Call it faint praise - pride in the fact that a state's high school dropout rate is "only" 27.2 percent before graduation. The Charleston, W.Va., Gazette notes that figure doesn't sound so bad when compared to the national dropout rate, which runs at about a third of high school students, according to a study by Education Week magazine.
West Virginia schools merit more commendation, the Gazette adds, because only 34.5 percent of its black students didn't make it to graduation. The national dropout rate for black youngsters is almost 50 percent. West Virginia also contends it has higher graduation standards. Reporter Anna Mallory notes that the Mountain State requires 24 credits to graduate; the U.S. average is 20.5 credits.
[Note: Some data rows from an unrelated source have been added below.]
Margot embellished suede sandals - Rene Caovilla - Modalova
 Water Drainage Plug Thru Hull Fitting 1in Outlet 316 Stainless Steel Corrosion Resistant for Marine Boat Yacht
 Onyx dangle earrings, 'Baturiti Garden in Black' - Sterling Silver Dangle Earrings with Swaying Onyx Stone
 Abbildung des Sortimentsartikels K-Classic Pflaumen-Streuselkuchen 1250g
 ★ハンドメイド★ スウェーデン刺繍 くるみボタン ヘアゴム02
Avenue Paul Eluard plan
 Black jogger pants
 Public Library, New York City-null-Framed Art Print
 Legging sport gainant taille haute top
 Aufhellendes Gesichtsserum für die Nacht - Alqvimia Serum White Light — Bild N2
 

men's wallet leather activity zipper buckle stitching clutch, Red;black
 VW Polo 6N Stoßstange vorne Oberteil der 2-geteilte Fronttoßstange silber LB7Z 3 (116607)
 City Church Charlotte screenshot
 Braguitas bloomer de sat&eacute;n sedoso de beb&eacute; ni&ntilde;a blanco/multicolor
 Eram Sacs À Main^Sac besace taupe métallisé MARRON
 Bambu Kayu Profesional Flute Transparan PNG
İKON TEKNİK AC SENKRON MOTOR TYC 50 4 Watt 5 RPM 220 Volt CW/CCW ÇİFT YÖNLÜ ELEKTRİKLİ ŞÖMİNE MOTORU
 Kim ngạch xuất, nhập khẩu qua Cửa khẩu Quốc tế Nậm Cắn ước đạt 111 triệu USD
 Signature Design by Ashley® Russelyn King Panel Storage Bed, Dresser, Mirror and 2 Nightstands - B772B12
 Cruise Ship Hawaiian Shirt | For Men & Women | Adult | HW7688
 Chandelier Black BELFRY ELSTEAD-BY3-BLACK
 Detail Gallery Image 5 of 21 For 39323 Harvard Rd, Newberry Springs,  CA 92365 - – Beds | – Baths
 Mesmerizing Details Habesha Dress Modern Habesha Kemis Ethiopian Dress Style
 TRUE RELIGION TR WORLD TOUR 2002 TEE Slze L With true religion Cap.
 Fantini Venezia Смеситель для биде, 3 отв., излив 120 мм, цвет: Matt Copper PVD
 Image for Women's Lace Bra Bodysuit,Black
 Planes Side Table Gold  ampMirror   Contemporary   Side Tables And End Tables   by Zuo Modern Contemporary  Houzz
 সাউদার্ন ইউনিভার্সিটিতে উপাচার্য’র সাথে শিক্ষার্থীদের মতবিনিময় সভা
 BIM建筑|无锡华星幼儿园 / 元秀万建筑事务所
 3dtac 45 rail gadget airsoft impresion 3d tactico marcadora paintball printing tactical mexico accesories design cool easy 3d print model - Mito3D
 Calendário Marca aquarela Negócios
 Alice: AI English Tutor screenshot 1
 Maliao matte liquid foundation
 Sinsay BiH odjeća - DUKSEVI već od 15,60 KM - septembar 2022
That adds a bit more luster to the dropout findings.
But forget West Virginia for a second. It has at least some mild justification for pride. Now get back to those national averages, numbers that simply cry out for alteration.
A third of America's high school students are dropping out before graduation? Half of our black students are quitting early? Even if Education Week magazine is a few percentage points off in either category, the findings are appalling in a country that makes so much to-do about its public education system.
Education Week's recently published graduation profile for 2002-03 showed Kansas beating the national averages, but the state's dropout rate still is higher than many people would like. Overall, 25 percent of Kansas students failed to graduate; among black students, the dropout rate was 45 percent, according to the report.
Somebody or something is falling down and falling short somewhere in this terrible picture. How can our nation hope to compete against the likes of China, Japan and India when their graduation rates are so much better than ours and their youngsters are pursuing even more education?